*"If no one has the leader key it runs health checks and takes over as leader."*...

winsletts · on July 17, 2015

The code relies on functionality in etcd to prevent a race condition. Using `prevExist=false` on acquiring the leader key, the set will fail if another node wins the race.

The functionality in the code is here: https://github.com/compose/governor/blob/master/helpers/etcd...

The documentation for etcd is here: https://coreos.com/etcd/docs/latest/api.html#atomic-compare-...

Someone · on July 17, 2015

But then, isn't it not

"If no one has the leader key it runs health checks and takes over as leader."

but

"If no one has the leader key it takes over as leader, runs health checks, and starts functioning as leader."

? If so, I would do the health checks and then try to become the leader. Or do the 'health checks' involve other nodes?

merb · on July 17, 2015

It simply relies on the Voting feature of ETCD (Raft) it's really simple to use locking with etcd, and etcd is really really stable. However it would be easier to install etcd on every Postgres node and just make a golang library that sets the master of Postgres to the etcd master (etcd also has a leader). Also systemd would keep the overall system healthy. (that's what we at envisia do) Just have repeatedly check if the machine is the leader and if yes it sets the url of the currently running machine to a etcd key. So overall we need to use 3 Postgres machines and 1 could fail and we would still have voting, however thats just for a single master where we don't need to read from the slaves, however thats easily extendable.
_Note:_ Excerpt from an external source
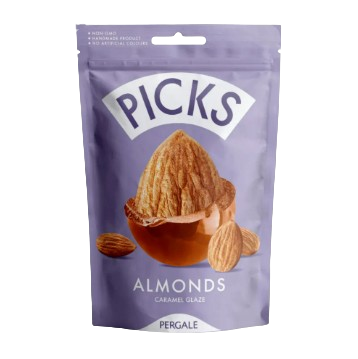 Конфеты PICKS миндаль в карамельной глазури 90гр - фото 31655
Oh and here is the Compare and Swap (Atomic) functionality of etcd that he described: https://github.com/coreos/etcd/blob/master/Documentation/api...

winsletts · on July 17, 2015

The problem with etcd members on every Postgres node is that clusters fixed nodes or members. etcd doesn't function well in an environment where you could tear down / build up new nodes. Most of our Postgres service runs on AWS, and thus we must expect that any single node may vanish, and our system must replace that node. We tried running etcd alongside Postgres in an early prototype, but ran into issues with etcd cluster stability when destroying and recreating nodes. Thus, we opt for a stand alone etcd cluster distinct from the Postgres cluster.

robszumski · on July 17, 2015

You can set up a local etcd proxy to mitigate this. You'd run the proxy listening on localhost, and then have it connected to the stable etcd cluster elsewhere.

The proxy can find the cluster manually or use SRV records. Autoscale the Postgres machines as much as you want after that while leaving etcd on stable machines.

merb · on July 18, 2015

That's what we basically trying to do in the future, however that's really hard to do if you want to have a running etcd cluster with 5 nodes all the time. You would need to check if one etcd died, and then either promote a proxy to a etcd master or run a new machine (the later is only possible in clouds or virtual environments)

SEJeff · on July 26, 2015

You can do that trivially with Mesos and have it always ensure 5 instances are running. Bonus points that it will run identically on bare metal and cross cloud which means less vendor lock in for you.